▼▼▼
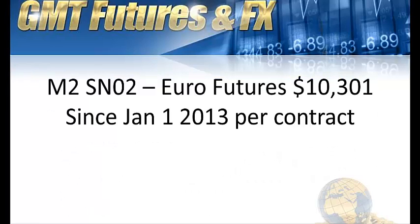Hey, Trader Shane from GMT Futures. Welcome back. I'm going to take you through system number two on the Euro Futures. This strategy has produced about $10,000 since January 1, 2013 per contract.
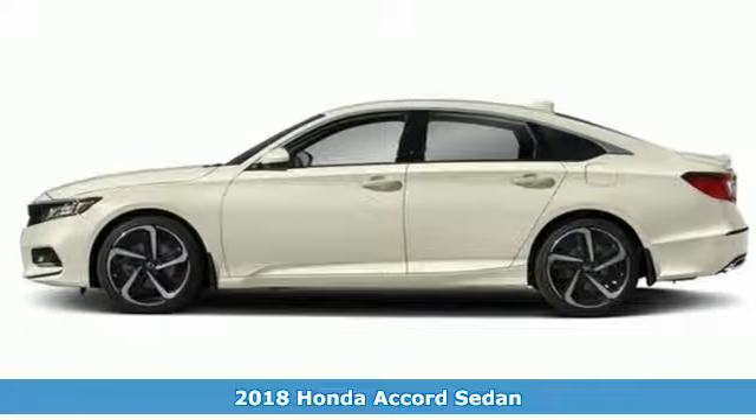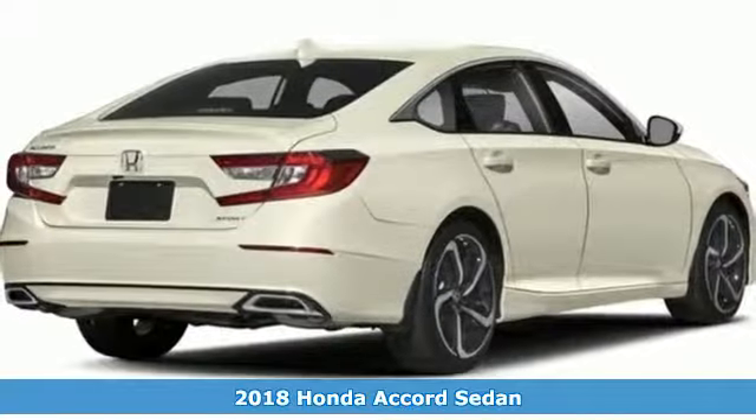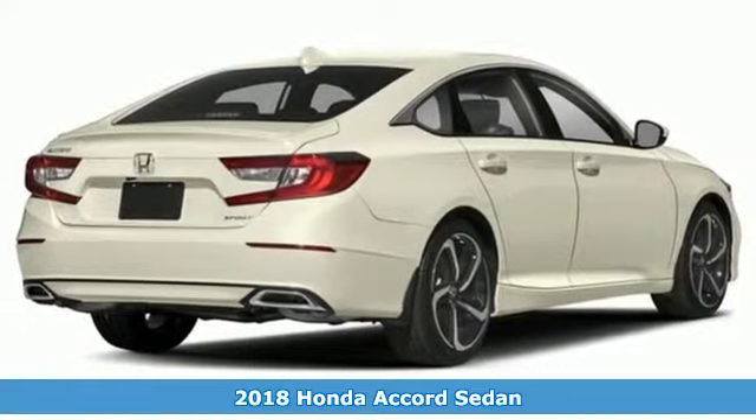It's a 2018 Honda Accord. It makes head-turning looks, luxury, and good sense a part of your everyday.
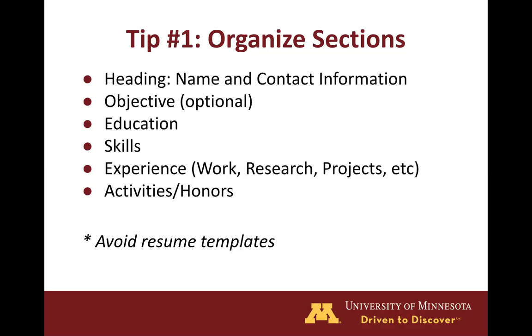Something to point out is that you really want to stay away from resume templates because they can be quite hard to customize and are often an incorrect format for CSE resumes. Also, some companies use applicant tracking systems which scan through resumes electronically and look for certain keywords and pieces of information. Resume templates can oftentimes confuse the applicant tracking systems if the template has extra graphics or columns.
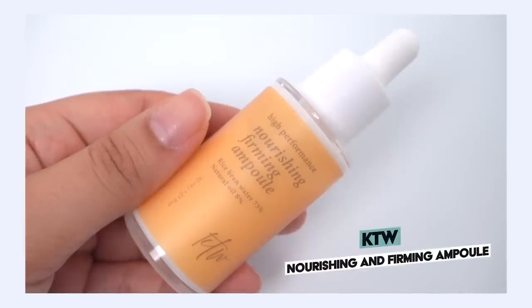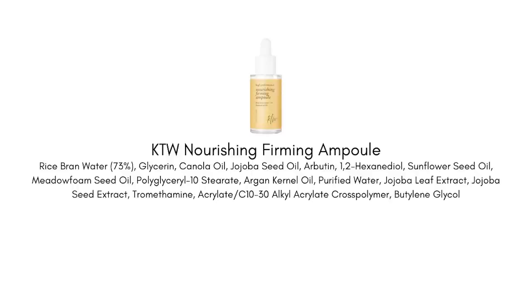Next up is the KTW Nourishing and Firming Ampoule. This is my suggestion for people who want to add moisture into their skincare routine but don't want full-blown oils or a really heavy moisturizer — just a little bit without overwhelming your skin. The hero ingredients include 73% rice bran water. The benefits are similar to rice extract: a great moisturizing, nourishing, skin-conditioning ingredient that's not heavy, always has breathability and lightness, and leaves your skin really soft.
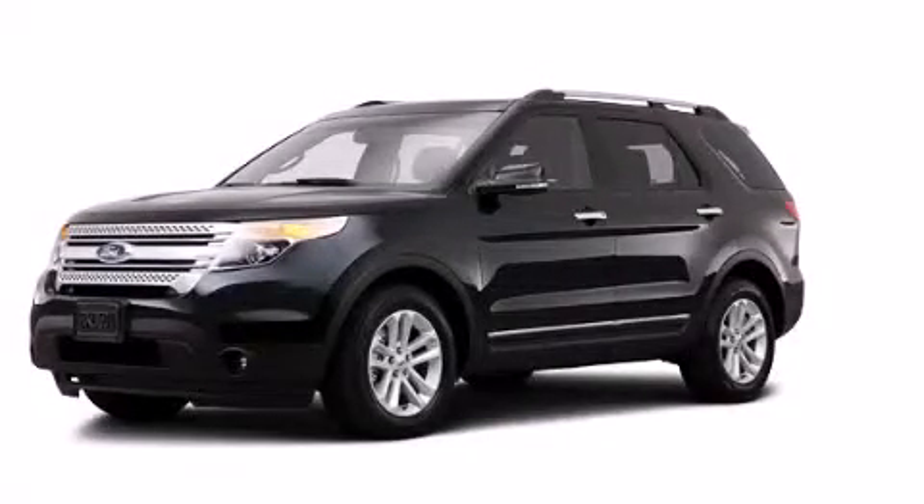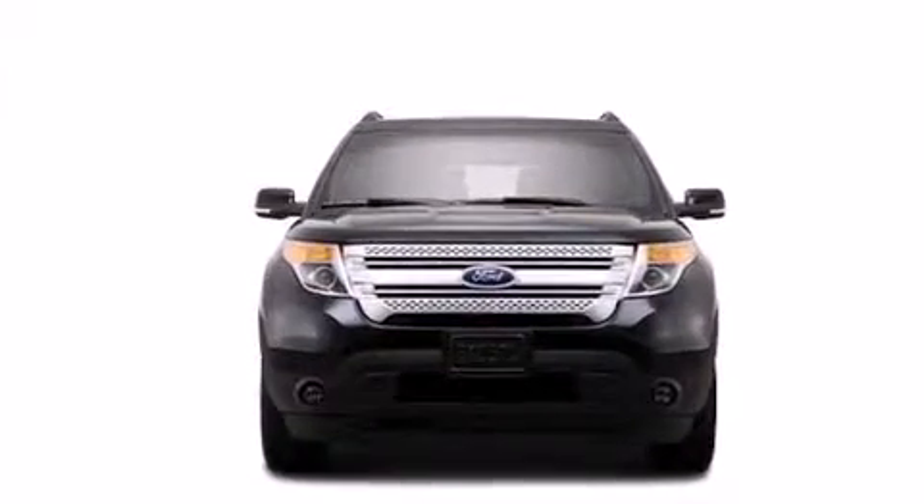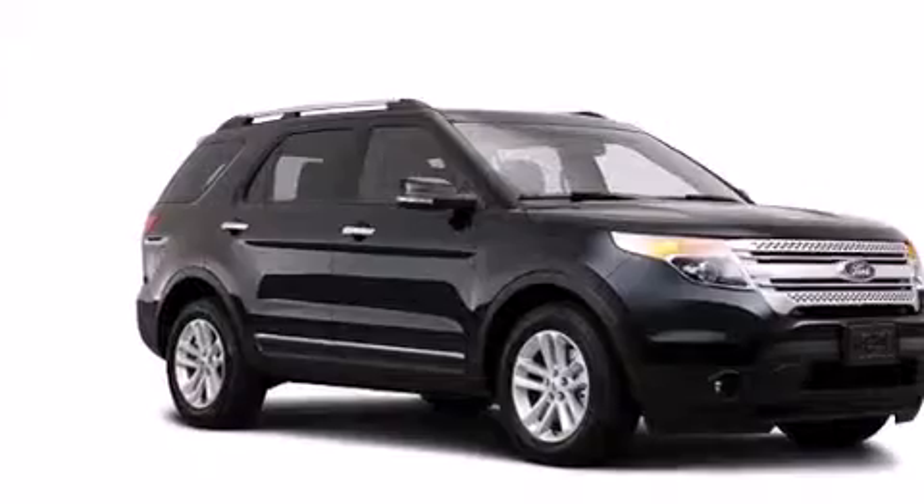This is a brand new 2014 Ford Explorer, a big SUV for big fun. It has a six-cylinder engine, an automatic transmission, and four-wheel drive.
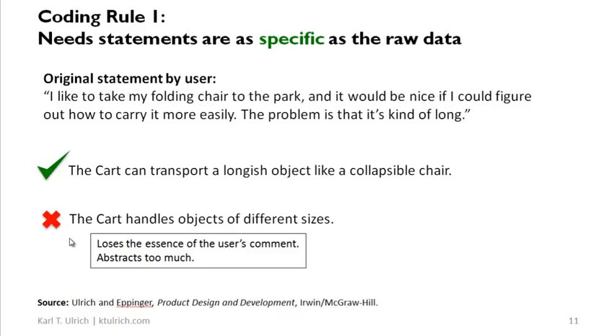It abstracts too much — you've lost information when you express it that way. A better way to say it would be: the cart can transport a longish object like a collapsible chair. There's really no reason not to express the need exactly as the user said it, in language as close to what the user actually said. That's how you most effectively communicate what you heard from the users to others. So that's coding rule one: need statements are as specific as the raw data.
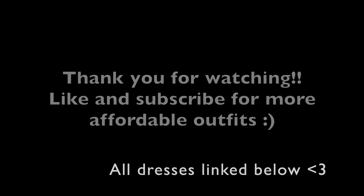Thank you for watching. Hope you guys have a blessed day. Bye!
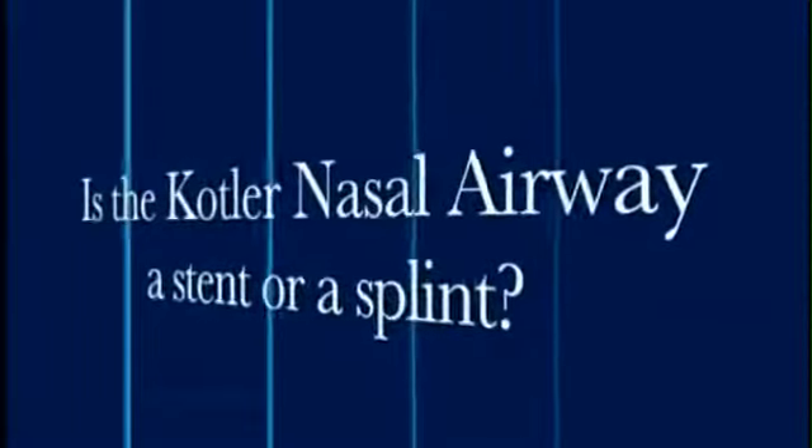Dr. Kotler, is the Kotler nasal airway a splint or a stent? It's neither. The airway is an airway — that's its major mission. However, due to its configuration, you can use it as a stent to help packing stay where you want it. For example, we put absorbable packing between the airway and the inferior turbinate after turbinate surgery. You can also put Telfer or any other major packing material between the airway and the septum. But the main mission is still providing a great continuous airway for the patient.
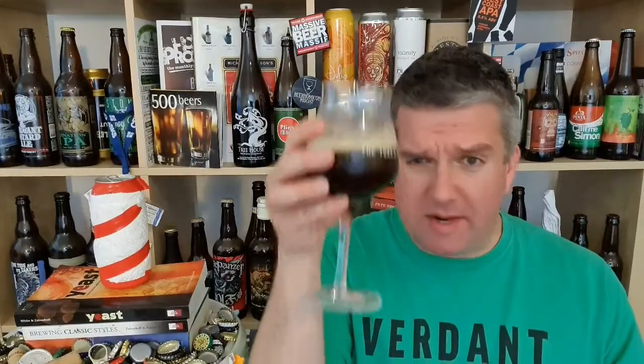Let's dive in. Cheers! Oh yeah, that's lovely — cracking. I'm still gonna say brown ale. It could be an imperial brown ale, it could be a porter. Sometimes I think breweries miss the mark with porters, so maybe it's a porter.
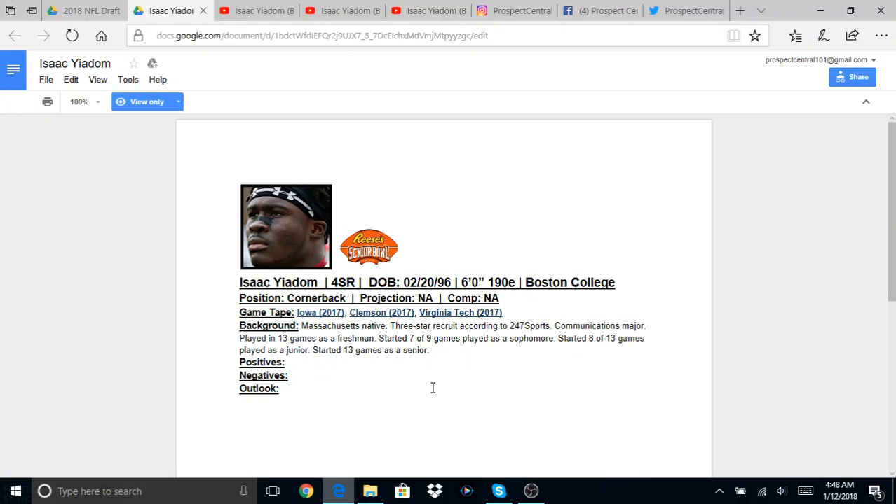Hello YouTube, what's up? I hope you guys are having a great day out there wherever you might be. My name is Chris Robbins, I'm one of the Prospect Central 101 team members, and today I will be doing a solo session without Braden, Carson, or Josh, and I will be taking a look at Isaac Yiadom.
▲▲▲
**Exercise details**
All of the records above are to be printed exactly, with every picture omitted.

**Result of the task**
Hey, Trader Shane from GMT Futures. Welcome back. I'm going to take you through system number two on the Euro Futures. This strategy has produced about $10,000 since January 1, 2013 per contract.
It's a 2018 Honda Accord. It makes head-turning looks, luxury, and good sense a part of your everyday.
Something to point out is that you really want to stay away from resume templates because they can be quite hard to customize and are often an incorrect format for CSE resumes. Also, some companies use applicant tracking systems which scan through resumes electronically and look for certain keywords and pieces of information. Resume templates can oftentimes confuse the applicant tracking systems if the template has extra graphics or columns.
Next up is the KTW Nourishing and Firming Ampoule. This is my suggestion for people who want to add moisture into their skincare routine but don't want full-blown oils or a really heavy moisturizer — just a little bit without overwhelming your skin. The hero ingredients include 73% rice bran water. The benefits are similar to rice extract: a great moisturizing, nourishing, skin-conditioning ingredient that's not heavy, always has breathability and lightness, and leaves your skin really soft.
This is a brand new 2014 Ford Explorer, a big SUV for big fun. It has a six-cylinder engine, an automatic transmission, and four-wheel drive.
It abstracts too much — you've lost information when you express it that way. A better way to say it would be: the cart can transport a longish object like a collapsible chair. There's really no reason not to express the need exactly as the user said it, in language as close to what the user actually said. That's how you most effectively communicate what you heard from the users to others. So that's coding rule one: need statements are as specific as the raw data.
Thank you for watching. Hope you guys have a blessed day. Bye!
Dr. Kotler, is the Kotler nasal airway a splint or a stent? It's neither. The airway is an airway — that's its major mission. However, due to its configuration, you can use it as a stent to help packing stay where you want it. For example, we put absorbable packing between the airway and the inferior turbinate after turbinate surgery. You can also put Telfer or any other major packing material between the airway and the septum. But the main mission is still providing a great continuous airway for the patient.
Let's dive in. Cheers! Oh yeah, that's lovely — cracking. I'm still gonna say brown ale. It could be an imperial brown ale, it could be a porter. Sometimes I think breweries miss the mark with porters, so maybe it's a porter.
Hello YouTube, what's up? I hope you guys are having a great day out there wherever you might be. My name is Chris Robbins, I'm one of the Prospect Central 101 team members, and today I will be doing a solo session without Braden, Carson, or Josh, and I will be taking a look at Isaac Yiadom.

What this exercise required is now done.